Aziz Hocamızın bu net ve kesin uyarıları ve açıkça Ahmet Akgül üstadımıza sahip çıkmaları karşısında Şevket Kazan ve Oğuzhan Asiltürk mosmor kesilmişler ve susup kalıvermişlerdi. Çünkü Ahmet Akgül’ün ve Milli Çözüm’ün haklılığını, yüksek sadakat ve donanımını elbette bilmektelerdi. Onların tek silahı; zahiri etiket ve yetkilerine dayanarak, hiç Allah’tan çekinmeden ve davanın yararını gözetmeden iftira etmekti. “Peki, Erbakan Hocamız niye bunları zahiren o makamlara getirmişti?” sorusunun yanıtı ise, Milli Çözüm’de defalarca verilmişti. Ama “Anlayana sivri sinek saz gibiydi, anlamayana davul zurna az gelirdi!..”

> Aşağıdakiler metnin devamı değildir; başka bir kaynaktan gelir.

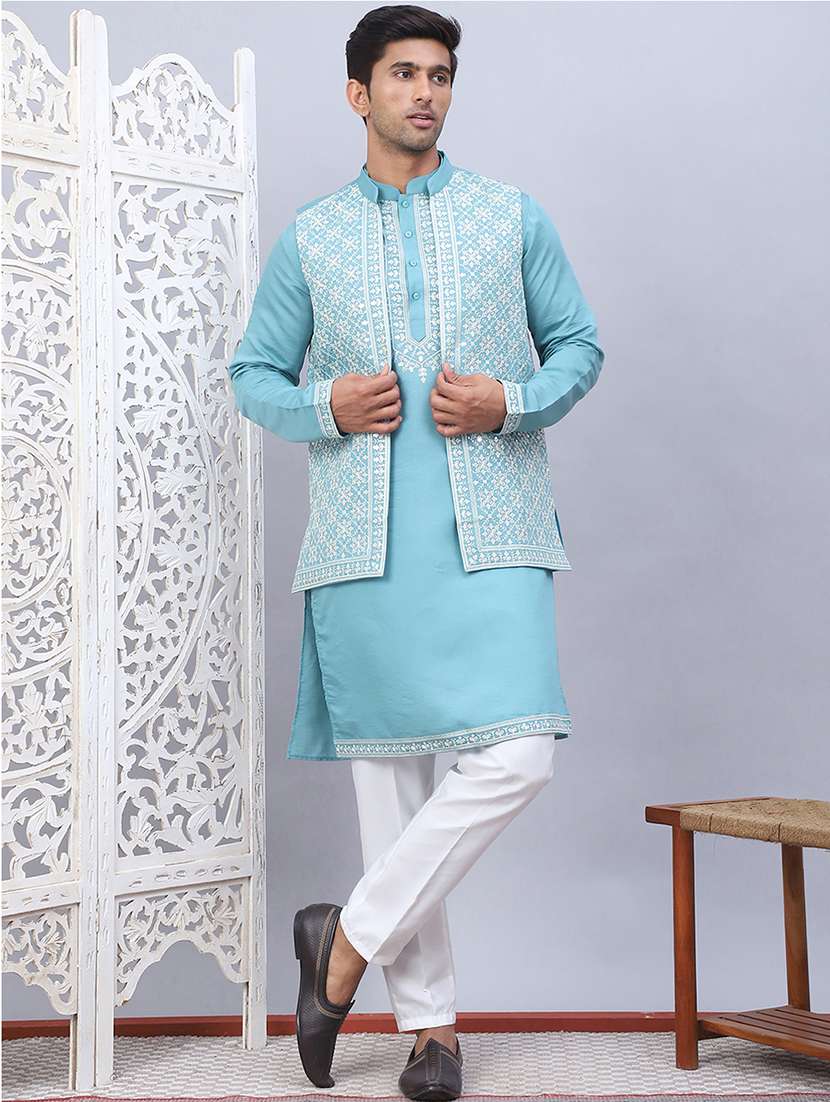 men embroidered mandarin neck kurta pyjama with jacket ethnic wear set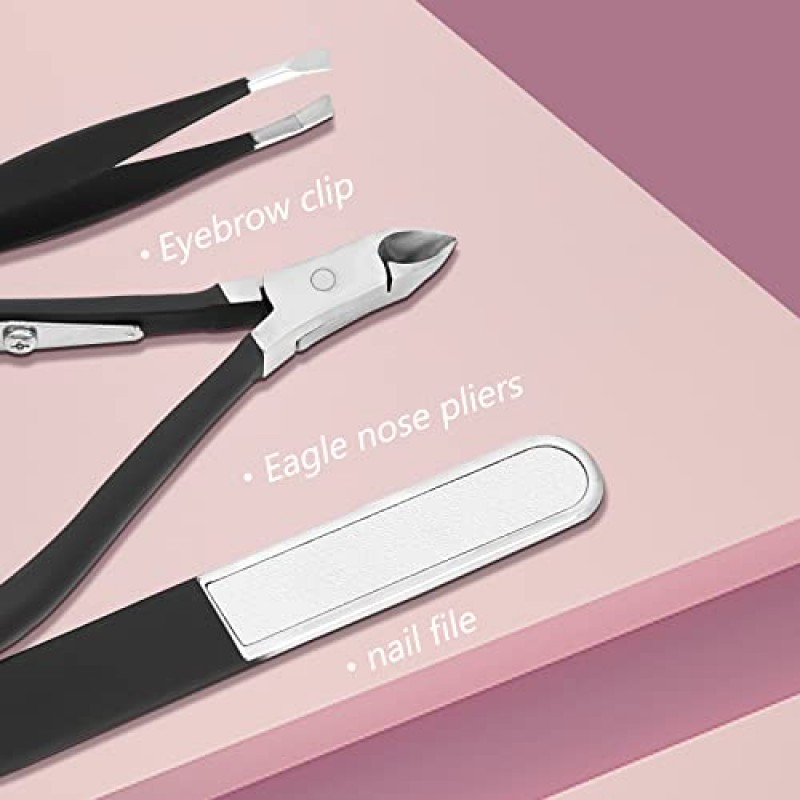네일 케어 자란 발톱 제거 키트, 18 PCS 페디큐어 도구 큐티클 니퍼 여성용 미끄럼 방지 디자인 핸들 클리퍼가 있는 샤프 트리머 핑크 PU 가죽 케이스 페디큐어 키트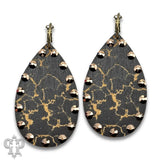PINK PANACHE BLACK CRACKLE FINISH WOOD TEARDROP SMALL HOOP EARRING - E593BL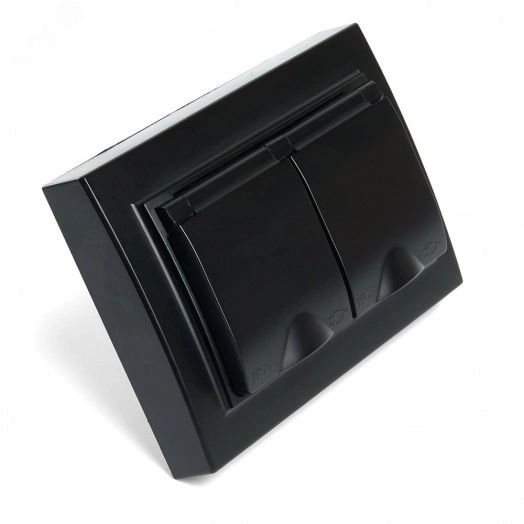 Розетка двухместная с/з с крышкой, 250В, 16А серия Эрна, черный Stekker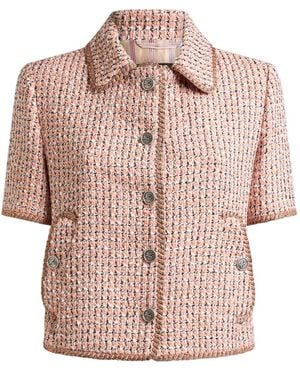 Etro Karierte Tweed-Jacke Aus Jacquard - Pink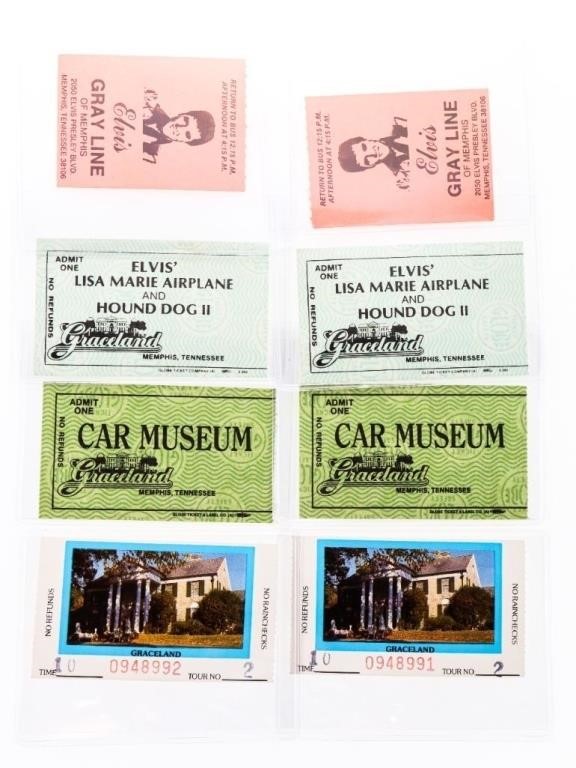 Collection of 8 GRACELAND Car Museum Ticket Stubs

Bir Rüya Daveti Üzerine Aziz Erbakan Hocamızın İzni ile Milli Çözüm Ekibinin Kendi Konutlarında Ziyaretleri
Ali Çağıl kardeşimizle bir gün İstanbul’a giderken bana, “Nevzat abi, bu gece rüyamda ev telefonum çaldı. Açtığımda, Erbakan Hocamız; ‘Sizi bekliyorum!’ diyerek telefonu kapattı.” Bunu anlatınca ben de: “Bu rüyayı hemen Ahmet Akgül Hocamıza anlat!” dedim. Ahmet Hocamızla görüştükten sonra: "Erbakan Hocamızın evine rüyanızı yazıp fakslayın!” diye talimat buyurdular. Biz de rüyayı yazıp Hocamızın evine faksladık. Bir süre sonra Hocamızın evinden görevliler bizi arayıp “kimlerin bu ziyarete katılacağını?” sordular. Biz Ahmet Akgül Hocamıza durumu bildirdik. Hocamızın talimatları üzerine İsmet Sezgin, Osman Eraydın, Nevzat Gündüz ve Ali Çağıl olarak isimleri yazıp faksladık. Ardından Erbakan Hocamızın evinden arayan görevli: “Bir hafta sonra (salı akşamı saat 6’da) Hocamız sizleri evinde kabul edecek” diye bilgi verdiler. Biz de bu bilgileri Ahmet Akgül Hocamıza aktardık.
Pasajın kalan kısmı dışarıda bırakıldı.